Cette trajectoire implique de réaliser un effort supplémentaire de un milliard d'euros chaque année, puisqu'il faut passer de 10 à 15 milliards en cinq ans. Des signes nous laissent craindre que nous ne parviendrons pas à réaliser cet objectif.
L'aide multilatérale monte très puissamment, comme tous les trois ans, lorsque nous renouvelons nos engagements auprès des organisations internationales. Le montant de notre contribution à la Banque mondiale, de 1,4 milliard, est similaire à celui de 2017, tout comme celui de notre contribution aux banques de développement africaine et asiatique. En revanche, la contribution française au Fonds vert pour le climat passe de 700 millions à 1,4 milliard d'euros, ce qui mobilise 700 millions d'autorisations d'engagement supplémentaires – une somme fort conséquente. Par ailleurs, vous avez beaucoup entendu parler de la décision de Lyon sur les crédits du Fonds mondial de lutte contre le sida, la tuberculose et le paludisme, mais elle n'aura pas de traduction budgétaire en 2020. Il en sera de même pour l'engagement de notre pays dans le Partenariat mondial pour l'éducation.

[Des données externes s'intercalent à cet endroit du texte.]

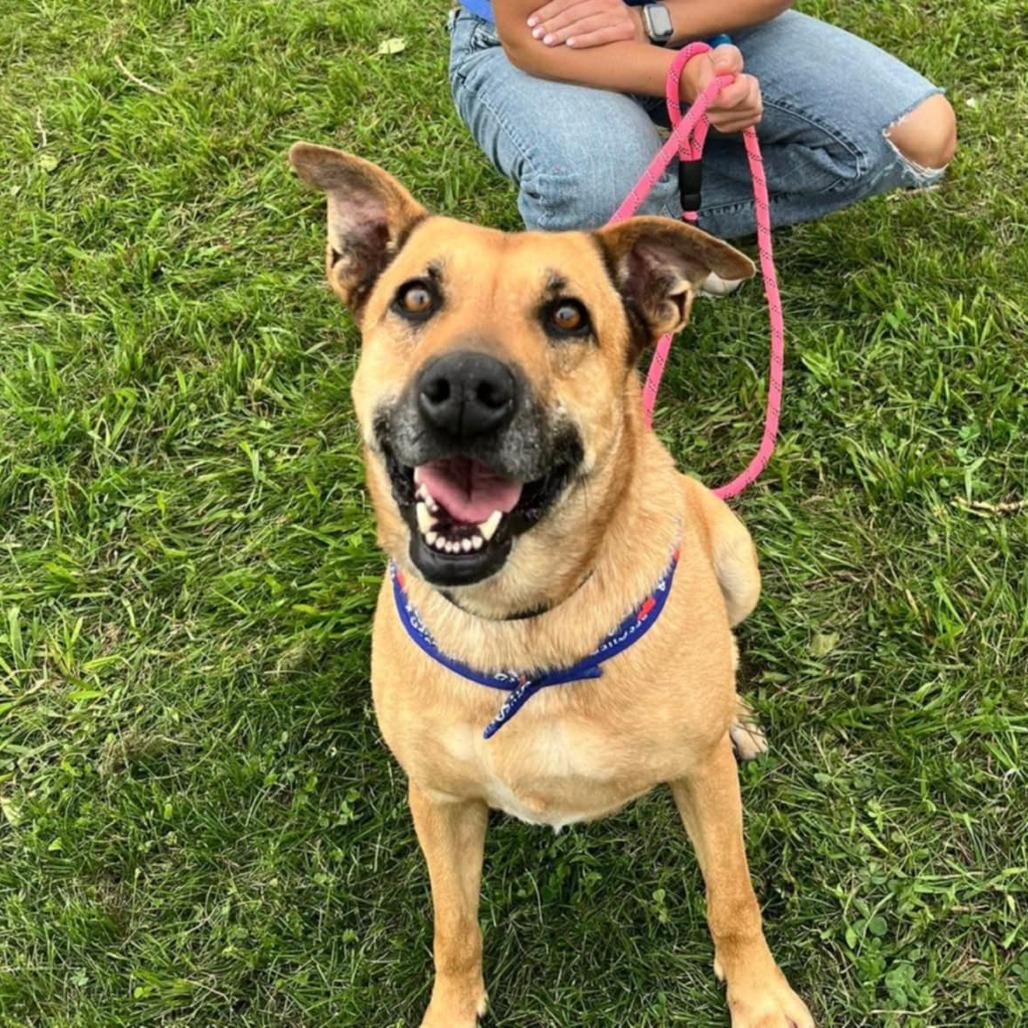 Enlarge Letty, a Adoptable Mixed Breed in Norfolk, NE image 2/6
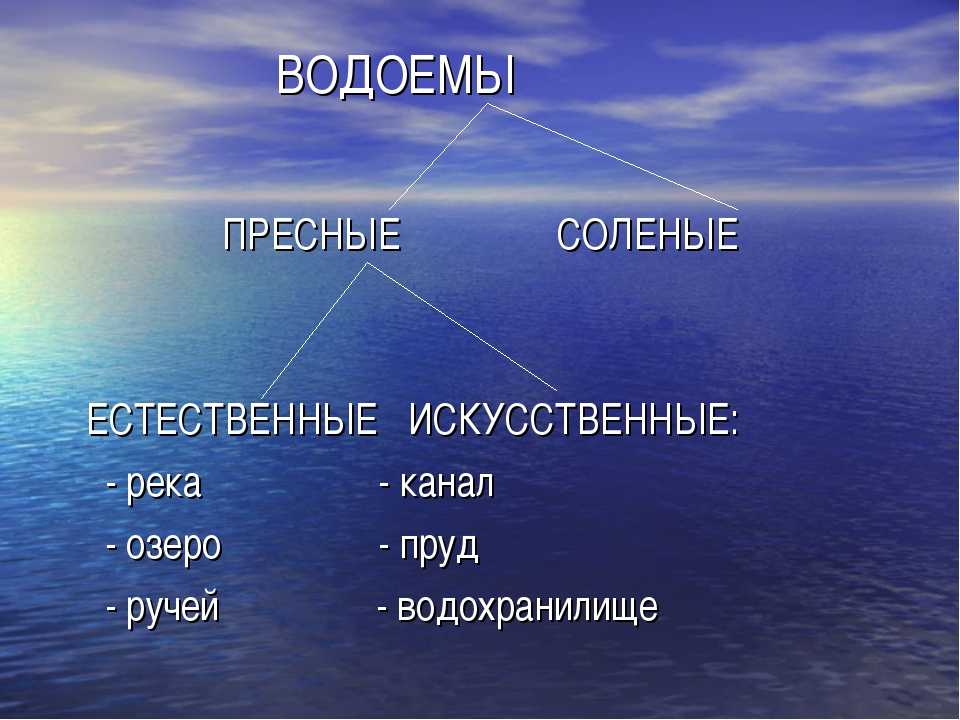 Отличия озера и пруда: чем они различаются?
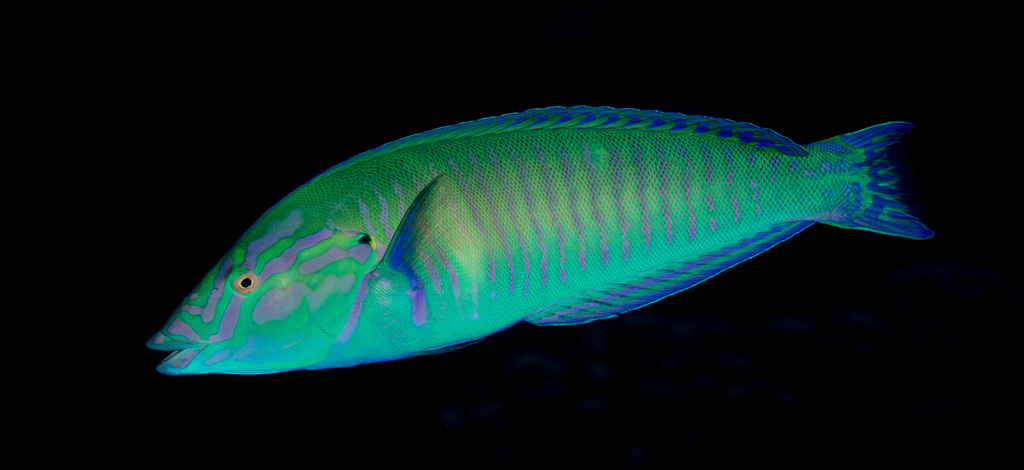Redback longface wrasse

L'aide bilatérale baisse de façon très sensible. C'est le cas de la dotation à l'Agence française de développement (AFD), notre bras armé, qui passe de 1,5 milliard à 900 millions. C'est d'autant plus inquiétant que l'objectif était de relever la part bilatérale de l'aide française. Celle-ci est aujourd'hui de 56 %, alors qu'elle est de 76 % en Allemagne et de 89 % aux États-Unis. L'aide bilatérale, c'est évidemment ce que l'on maîtrise, ce qui est identifié à notre politique. Même si nous pouvons être à la proue de certaines actions multilatérales, nous n'en sommes pas les gestionnaires.
Depuis 2018, les crédits de paiement ont augmenté de 652 millions, alors que l'objectif est de parvenir à 5 milliards d'euros en 2022. Alors que nous sommes à mi-échéance, nous n'avons fait que 13 % du chemin. Serons-nous capables de tenir la trajectoire ? Il n'y avait aucune raison d'en douter l'année dernière, nous pouvons nous interroger pour 2020.

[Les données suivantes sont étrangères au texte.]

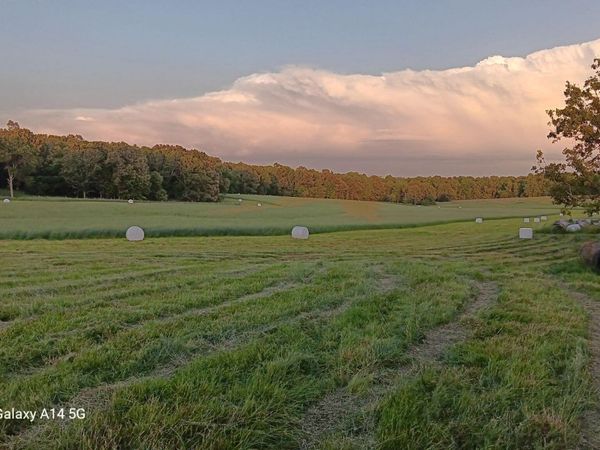 West Plains, MO 65775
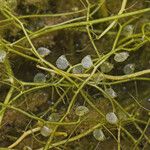 Utricularia gibba Fruit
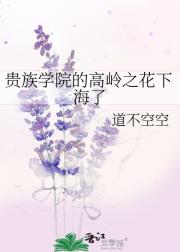 贵族学院的高岭之花下海了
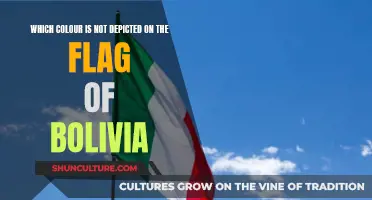 Bolivia's Flag: The Color That Didn't Make the Cut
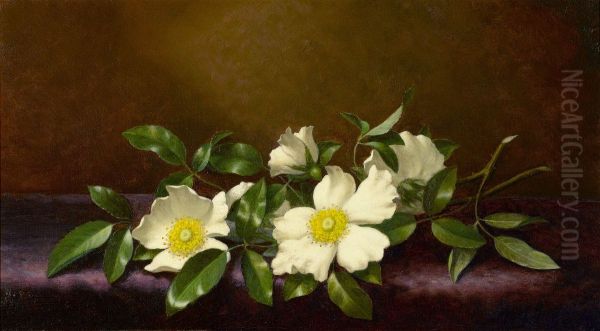 Cherokee Roses On A Purple Cloth - view 1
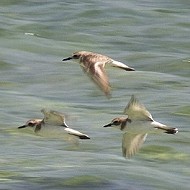 gruppetto in volo in abito invernale, settembre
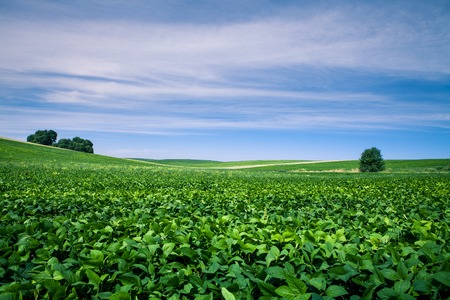Green Field and Beautiful Sunsetの写真素材
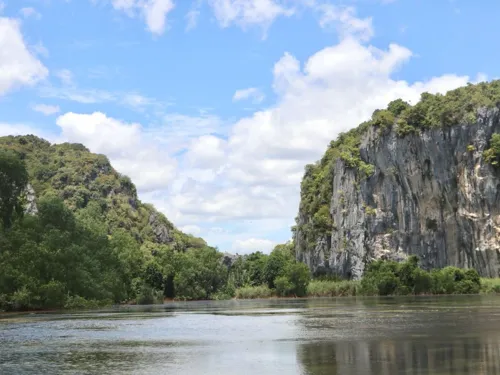 Phatthalung Bird's Nest Concession: 500 Million Baht Auction Fails to Attract Private Bidders; Industry Urges Customs to Unlock Laws and Boost Chinese Exports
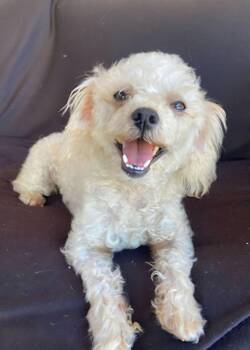 Chico -  Miniature Poodle Dog for Adoption in Los Angeles, California - Chico | PetCurious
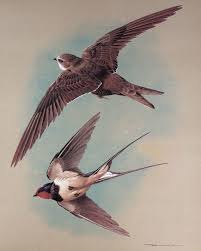 1965 vintage print swallow and swift basil ede birds of town bird prints bird art bird drawings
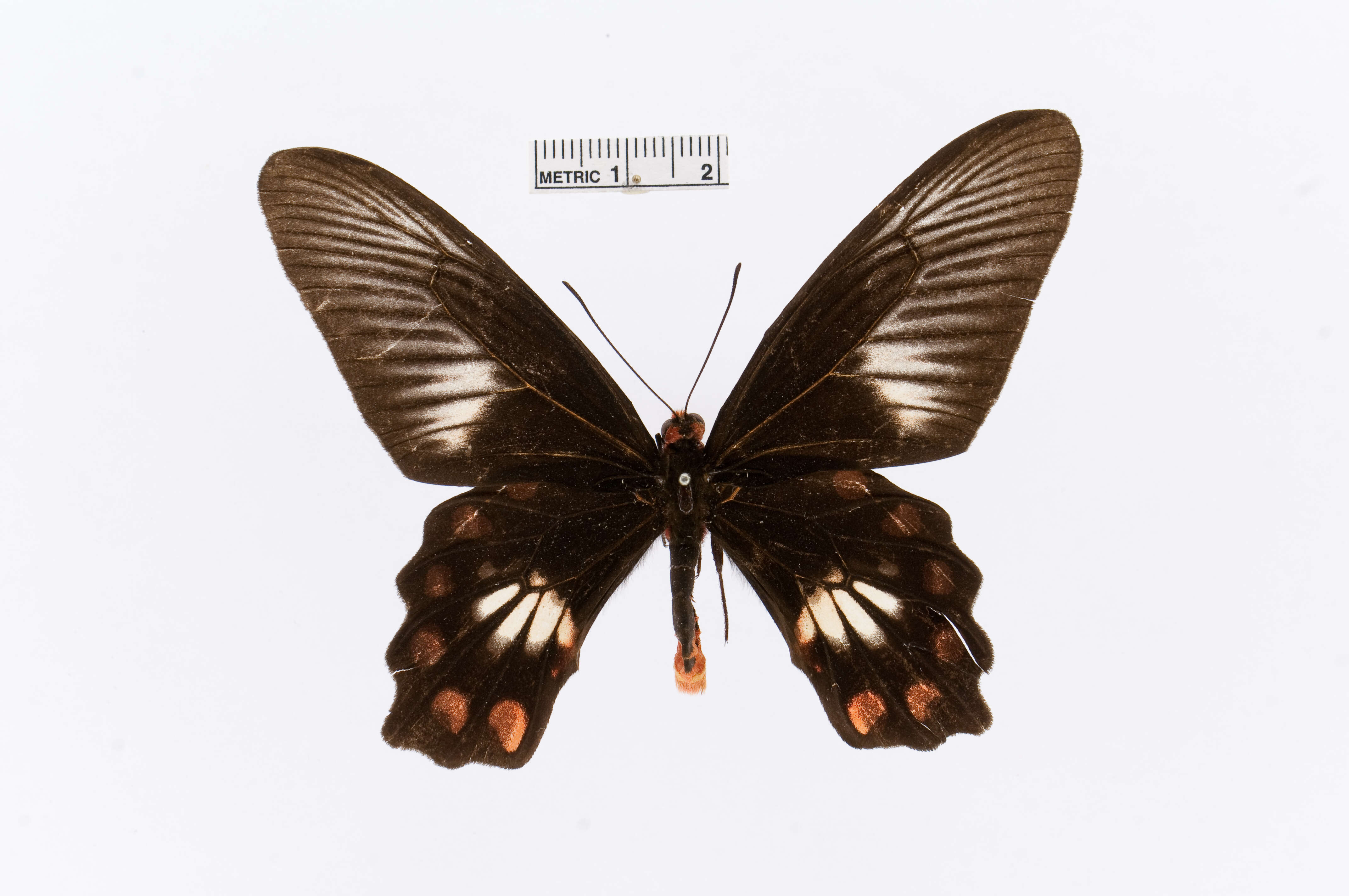 Image of Pachliopta polydorus (Linnaeus 1763)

Autre mauvais signal, le produit de la taxe Chirac sur les billets d'avion sera désormais affecté, pour plus de la moitié, au financement de l'Agence de financement des infrastructures de transport de France (AFITF). On mêle des choses sans rapport.
Certaines perspectives sont néanmoins fort encourageantes. Ce qui est à la main du ministère, comme l'aide humanitaire et l'aide alimentaire, augmente très sensiblement.

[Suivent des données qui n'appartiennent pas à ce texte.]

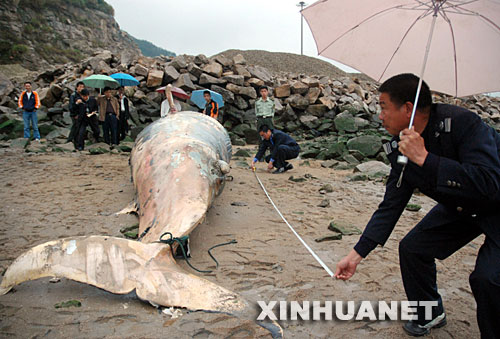 组图：福建宁德城澳海滩发现死亡鲸鱼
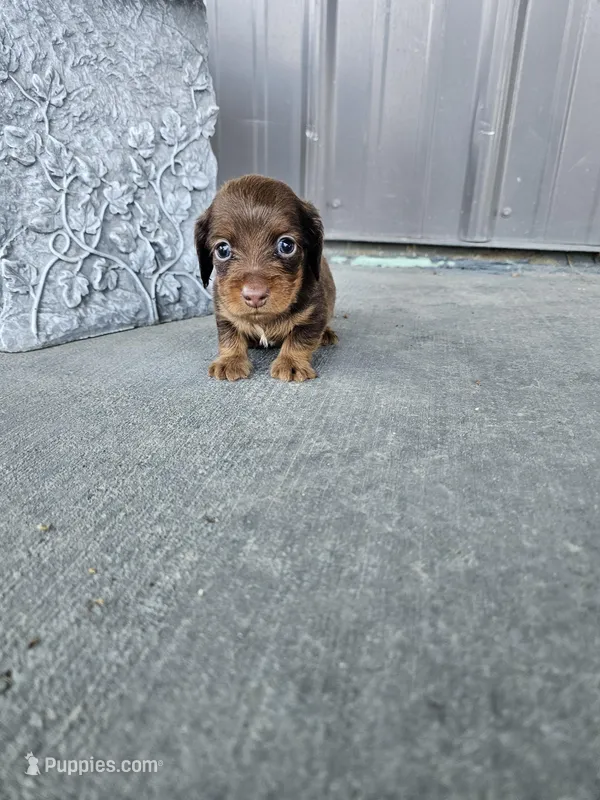 Akc Archie  – Miniature Dachshund puppy for sale in Montgomery, IN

Nous pouvons revenir au débat sur les crédits de la mission Immigration, asile et intégration, puisque ce sont les mêmes payeurs et que l'on demande un effort à nos compatriotes. Si l'on considère les taux de délivrance de laissez-passer consulaires des pays les plus concernés, le Mali est à 10,7 %, ce qui signifie que les autorités autorisent le retour de dix de ses ressortissants seulement, sur cent retours demandés par la France. Le Sénégal ou la Mauritanie ne font guère mieux. Le Niger, en revanche, est un bon exemple, puisque le taux atteint 75 %. Cela signifie que ces pays, s'ils s'en donnent les moyens, y compris administratifs, peuvent y parvenir.